This post is about The Home and the World, a novel originally published as Ghare Baire in Bengali in 1916. Its author, Rabindranath Tagore, was born in Kolkata, British India. He was a wealthy, well-travelled Bengali writer best known for the poetry collection Gitanjali. In 1913 he was awarded the Nobel Prize in Literature.
An internationally known literary and artistic man from a wealthy, socially active family owning extensive lands in what is now Bangladesh, Tagore was anti-imperialist yet ultimately rejected the nationalist Swadeshi movement, which promoted production and exclusive consumption of local goods. The Home and the World reflects the author’s mixed feelings on the subject.
See below to find out what you need to know to decide whether you should read The Home and the World, or what you should know about it even if you never do!
What is the setting of The Home and the World?Most scenes occur within the household of a wealthy Indian landowner in West Bengal in British India.
The story takes place after the 1905 Partition of Bengal, which separated the largely Muslim areas in the east from the largely Hindu areas in the West. (The region was repartitioned in 1947 with the creation of the Dominion of Pakistan. East Pakistan was renamed and granted independent statehood as Bangladesh in 1971.)
Who are the characters of The Home and the World?The story is told through the viewpoints of the three main characters:
Bimala, the central main character, is the beautiful, devoted wife of the local rajah, Nikhil. Her husband has given her a private, modern, Western education as well as many imported gifts. He has also started to encourage her to form and share her own opinions.
Nikhil is a wealthy landowner. He loves and idealises Bimala, and wants to help her grow and prosper intellectually. He also loves his country and would like to see it become more economically and legally independent, but believes in relying on market forces and legal process rather than fiery political rhetoric and violent coercion. He is calm, patient, protective, thoughtful, honest, forgiving, conscientious, practical, educated and modern.
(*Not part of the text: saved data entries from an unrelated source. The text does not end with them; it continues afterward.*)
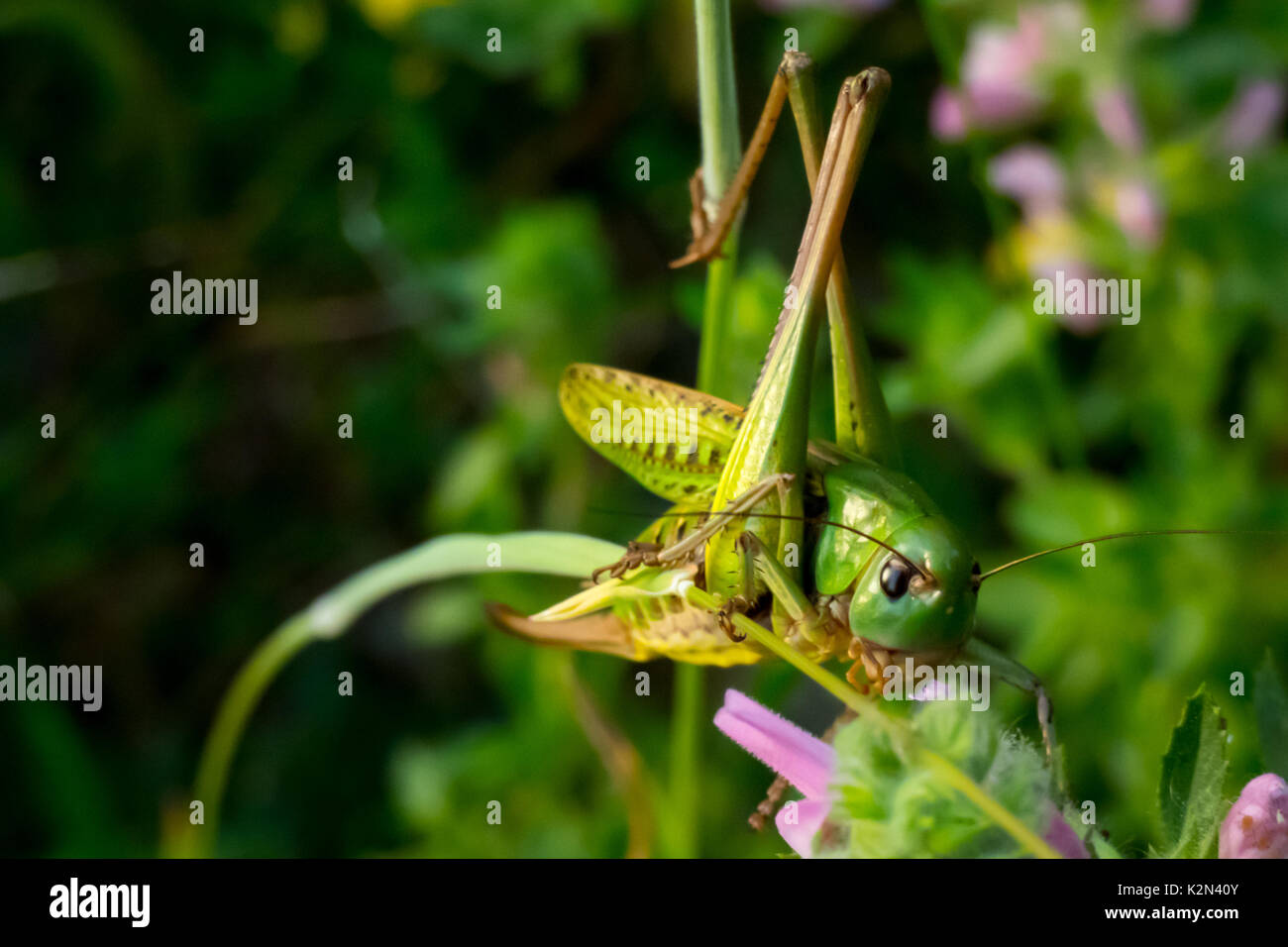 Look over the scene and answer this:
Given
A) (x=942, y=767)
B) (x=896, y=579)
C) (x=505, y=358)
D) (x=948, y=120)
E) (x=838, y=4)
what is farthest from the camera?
(x=505, y=358)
Sandip is an old friend of Nikhil’s and a charismatic nationalist leader. After Sandip and Bimala catch sight of each other at a rally, Bimala convinces her husband to invite Sandip to dinner, and he not only accepts, he lingers on as a house guest. Bimala learns that he is a firm believer in creative destruction: only out of the ashes can a new world arise. His rallying cry is “Bande Mataram”, meaning “Hail Mother”. He is impatient, impulsive, charming, jealous, idealistic, ambitious, dishonest and cruel.
The story’s minor characters include:
The Bara Rani, Bimala’s sister-in-law, who is keen to mock and criticise Bimala.
Chandranath Babu, Nikhil’s former tutor, a highly respected and kind old man.
Amulya, a young man whose loyalties are divided between Sandip and Bimala.
What are the themes of The Home and the World?What is the best way to pursue nationalism? The Swadeshi movement’s goal, independence, is admirable, but its methods often cause more harm than good, resulting in economic hardship and even deadly violence among Indians.
What is the role of women? Allowing women to participate meaningfully in the world is presented as a good modern idea, though not necessarily an easy or risk-free one to enact.
What is manliness? Sandip advocates doing and taking whatever seems necessary without asking permission or worrying about consequences, whereas Nikhil prefers seeking change constructively, thoughtfully and humanely.
What is real and true and good? At times, truth seems to be that which is felt strongly, or even that which is useful for others to believe. However, strong feelings can threaten that which is reasoned to be correct.
What is the central plot or conflict of The Home and the World?The story is a love triangle set in a time of social unrest in which people from all walks of life have started to move against British rule.
Sandip, a nationalist, believes that the end justifies the means; he will lie and steal and even kill for an abstract ideal. Since he believes in taking whatever he wants, why would he balk at taking another man’s wife?
Nikhil is too timid, or too principled, to approve of unsavoury means, and points out that the nation consists of nothing apart from the individuals who live in it, who are often harmed by the action of idealistic firebrands. He wants Bimala to be happy, perhaps even if it means setting her free to love another.
Bimala is caught between them. She sees the good in her loving husband, Nikhil, but is tempted by the power radiating from the uninhibited Sandip, who praises her unashamedly and enshrines her as a concrete representation of his beloved nation.
To what extent will Sandip’s rhetoric shape Bimala’s choices—and the fate of the rajah Nikhil and his people?
The Home and the WorldGutenberg.org offers a free, digitised English translation.
A film adaptation directed by Satyajit Ray was released in 1984.